Negara dengan konsep the greater paling sukses adalah The Greater Vancouver Regional District (GVRD), salah satu konsep perluasan wilayah ibu kota paling sukses di dunia. Merujuk konsep GVRD, untuk mewujudkan ”The Greater Jakarta”, pemerintah setiap wilayah Jabodetabek mengirimkan wakilnya ke sebuah badan otorita. Badan inilah yang membuat keputusan sejumlah bidang, mulai dari tata ruang, moda dan jalur transportasi, hingga pengelolaan lingkungan. Eksekusi keputusan tetap dilakukan oleh setiap pemerintah.

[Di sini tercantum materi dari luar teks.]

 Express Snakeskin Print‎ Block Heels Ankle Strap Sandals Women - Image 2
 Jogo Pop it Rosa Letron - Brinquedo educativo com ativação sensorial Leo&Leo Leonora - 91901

Jika mengikuti perkembangan pewacanaan konsep The Greater Jakarta sejak digulirkan, belum terasakan bagaimana sebuah koordinasi antarwilayah ini akan dilakukan. Bahkan, boleh dibilang bahwa rencana itu hanya berhenti di tingkat wacana, tidak terlihat bagaimana konsep itu akan dijalankan. Setiap daerah memang membuat rencana penataan, tetapi bagaimana bentuk integrasi antarkawasan tidak tampak dalam sejumlah kebijakan yang diterapkan.

Tanpa koordinasi antarwilayah, kita harus bersiap dengan ”megaproblem” Jakarta yang tidak pernah selesai. Dan, bersiaplah menghadapi banjir dan genangan dari masa ke masa!